Vom Korpus zum Netz: Zum Zusammenhang zwischen digitalen Forschungsinfrastrukturen und wissenschaftlichem Forstschritt am Beispiel der Sprachwissenschaften – 1990 – 2016

Christian Mair, Freiburg

Am Beispiel der Linguistik demonstriert der Vortrag die umfassende Digitalisierung des wissenschaftlichen Arbeitens während der letzten 25 Jahre. Am Anfang des untersuchten Zeitraums (ca. 1990) spielten digitale Daten und Methoden im Wesentlichen in der technisch orientierten Computerlinguistik und der deskriptiv-philologisch arbeitenden Korpuslinguistik eine Rolle – zwei jeweils in sich sehr kohärente Gemeinschaften, die anfangs zahlenmäßig klein, in Bezug auf den mainstream in der Linguistik marginal waren und – trotz des verbindenden Interesses an Sprache und Informationstechnologie – zunehmend auch den engen Bezug zueinander verloren.
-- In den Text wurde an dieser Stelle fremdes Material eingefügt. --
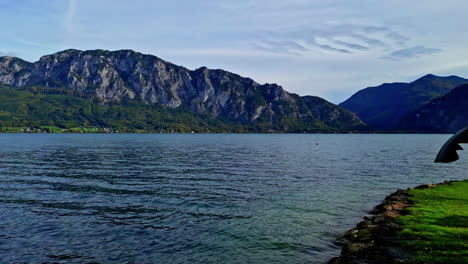 a tracking shot of a lake and a green landscape with mountains and a calm weather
25 Jahre später sind digitale Daten und Tools in Forschung und Lehre umfassend im Einsatz, gerade auch in denjenigen Teilbereichen des Faches, die sich nicht primär in der Computerlinguistik und Korpuslinguistik verorten. In den geistes- und sozialwissenschaftlichen Nachbardisziplinen der Linguistik (Literaturwissenchaft, Geschichte, etc.) wird zum Teil mit denselben digitalen Texten und Daten gearbeitet wie in der Linguistik selbst, wodurch sich faszinierende interdisziplinäre Bezüge eröffnen. In anderen Worten: Die Linguistik ist in den Digital Humanities angekommen, und die digitalen Sprachwissenchaften müssen und werden einen entscheidenden Beitrag für die Entwicklung der Forschungsagenda der Digital Humanities leisten. Dabei verlieren einzelne Forscherinnen und Forscher zunehmend den Überblick über die gesamte zur Verfügung stehende Palette der Möglichkeiten und haben immer weniger direkten Einfluss auf die Entwicklung neuer Ressourcen. Die digitalen Forschungsinfrastrukturen werden besser, aber auch aufwendiger und komplexer in Gebrauch und Wartung sowie teurer.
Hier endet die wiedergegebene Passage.